22. Microfinance: Financial services provided to low-income individuals or those without access to typical banking services.

23. Community Development Financial Institutions (CDFIs): Institutions providing credit and financial services to underserved markets and populations.

24. Social Impact Bonds (SIBs): A type of bond where repayment and return are contingent upon achieving specified social outcomes.

Climate Mitigation Finance

25. Climate Finance: Financing directed towards activities that mitigate or adapt to the impacts of climate change.

26. Carbon Credits: Permits that allow a country or organization to emit a certain amount of carbon dioxide, which can be traded if the full allowance is not used.

27. Carbon Offsets: Reductions in greenhouse gas emissions used to compensate for emissions produced elsewhere.
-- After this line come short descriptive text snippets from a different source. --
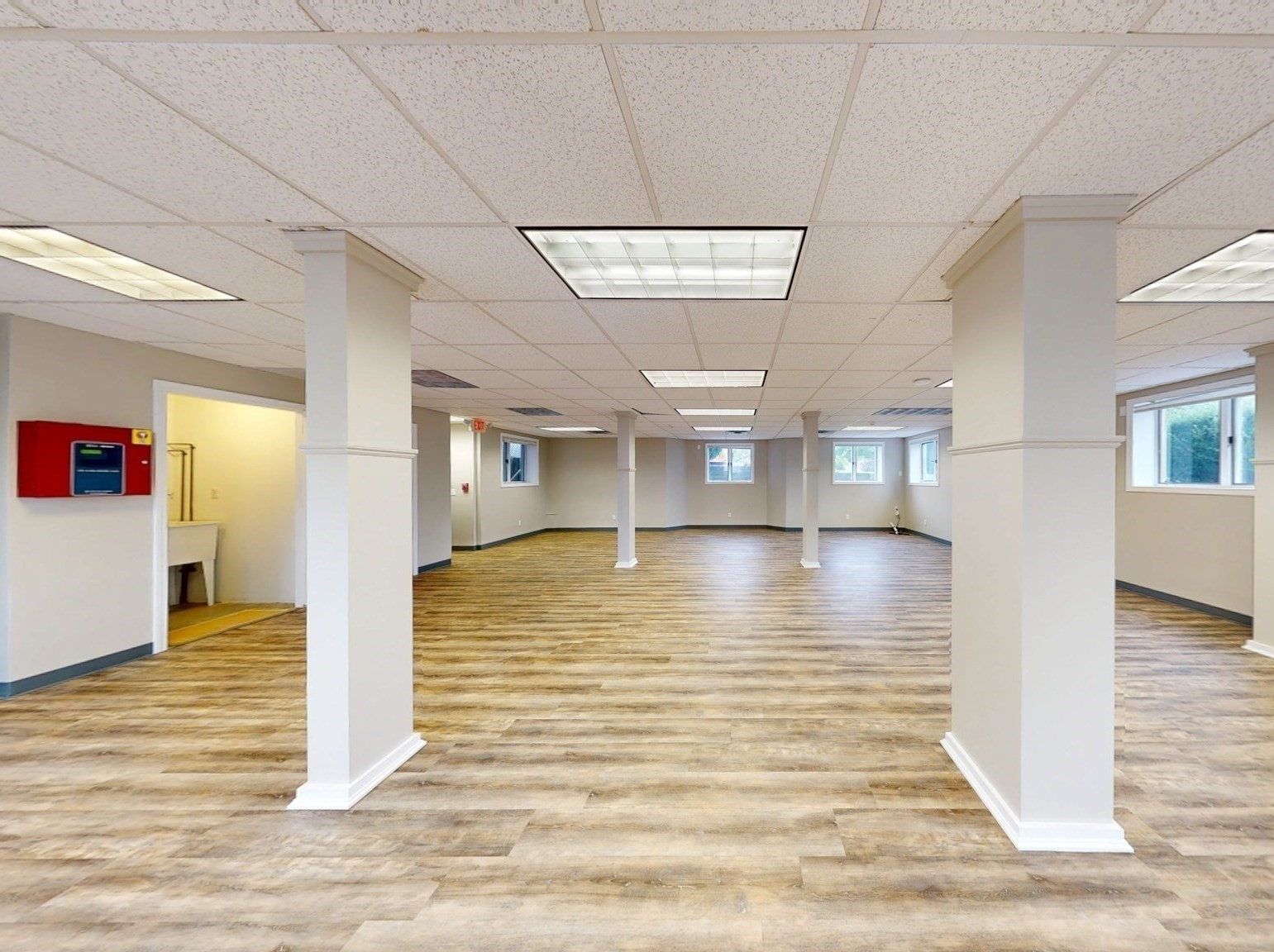 175 Walpole Street, Norwood, MA 02062 - Image 2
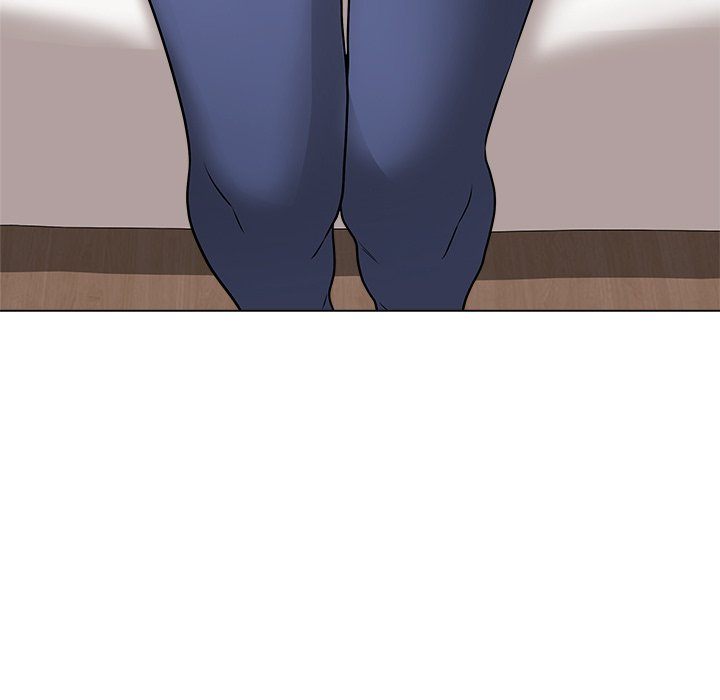 Signed, Sealed, Mistaken Chapter 13 image 35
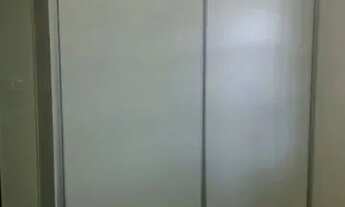 Imagem 3: Casa a venda no Riacho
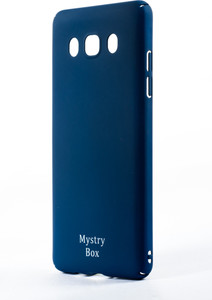 Mystry Box Back Cover for Samsung Galaxy J5 2016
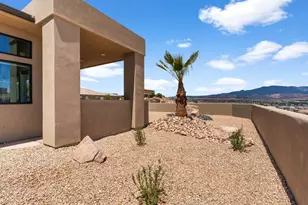 1526 S Shale Dr, Saint George, UT 84790 - Photo 35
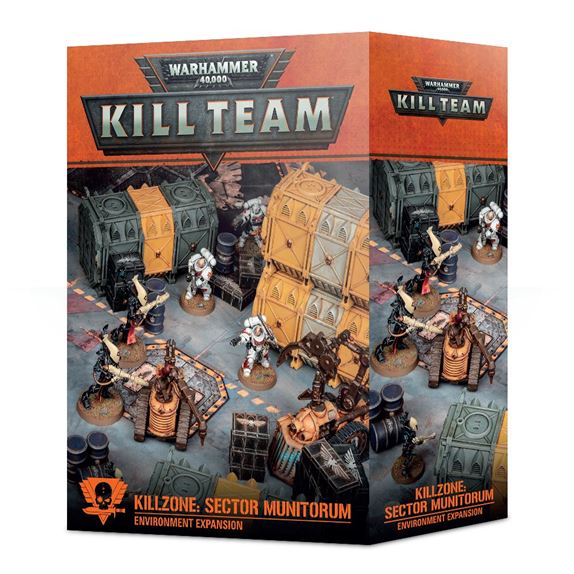 Https Trade.Games Workshop.Com Assets 2021 02 TR 102 55 99120199086 Killzone Sector Munitorum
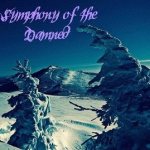 Symphony of the Damned - Symphony of the Damned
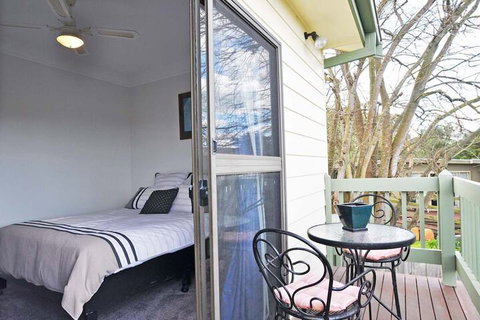 Aqua Escape On Anderson Free Wifi & Netflix PET Friendly - Australia Shopping 5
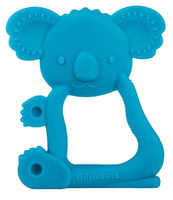  Koala Turkusowy
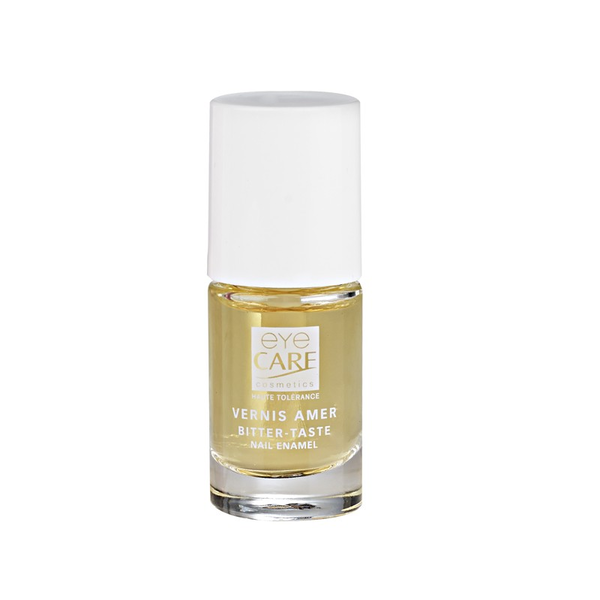 VERNIS AMER VERNIS AMER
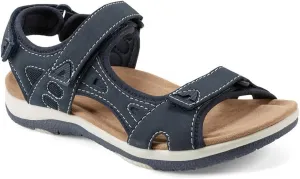 Earth Women's Skylar3 Sandal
28. Renewable Energy Certificates (RECs): Certificates representing the environmental benefits of generating one megawatt-hour (MWh) of electricity from renewable sources.

29. Green Climate Fund (GCF): A fund established within the framework of the UNFCCC to assist developing countries in adaptation and mitigation practices to counter climate change.

30. Nationally Determined Contributions (NDCs): Climate action plans developed by countries to reduce national emissions and adapt to the impacts of climate change.

31. Adaptation Finance: Funding provided to projects aimed at adapting to the impacts of climate change.

32. Mitigation Finance: Funding directed towards projects that reduce or prevent greenhouse gas emissions.

Regenerative Farming Finance

33. Regenerative Agriculture: A system of farming principles and grazing practices that improve biodiversity, enriches and restores degraded soils, improves watersheds, increases carbon capture and enhances ecosystem services.

34. AgriTech: The use of technology in agriculture, horticulture, and aquaculture to improve yield, efficiency, and profitability.

35. Carbon Farming: Agricultural practices aimed at reducing greenhouse gas emissions and sequestering carbon in soil and vegetation.

36. Sustainable Agriculture Loans: Loans provided to farmers to implement sustainable and regenerative farming practices.

37. Ecosystem Services Payments: Financial incentives provided to farmers and landowners for managing their land to provide ecological benefits.

38. Farm Cooperative Financing: Financial support mechanisms for groups of farmers who work together to achieve common economic goals.

39. Organic Certification Financing: Loans or grants provided to farmers to cover the costs associated with transitioning to organic farming.

40. Agroforestry Finance: Financial support for integrating trees and shrubs into agricultural landscapes to enhance productivity, profitability, and environmental benefits.

41. Soil Health Financing: Investments aimed at improving soil health through practices such as cover cropping, reduced tillage, and crop rotation.

42. Biodynamic Farming Loans: Financial products designed to support biodynamic farming, which emphasizes holistic and ecological approaches to agriculture.

43. Carbon Footprint: The total amount of greenhouse gases emitted directly or indirectly by an individual, organization, event, or product.

44. Net Zero: Achieving a balance between the amount of greenhouse gas emissions produced and the amount removed from the atmosphere.

45. Adaptation: Adjusting practices, processes, and capital in response to the impacts of climate change.

46. Decarbonization: The reduction or elimination of carbon dioxide emissions from energy sources.

47. Climate Resilience: The capacity of a system to absorb stress and maintain function in the face of external stresses imposed by climate change.

48. Sustainable Development Goals (SDGs): A collection of 17 global goals set by the United Nations to address global challenges, including those related to poverty, inequality, climate, environmental degradation, peace, and justice.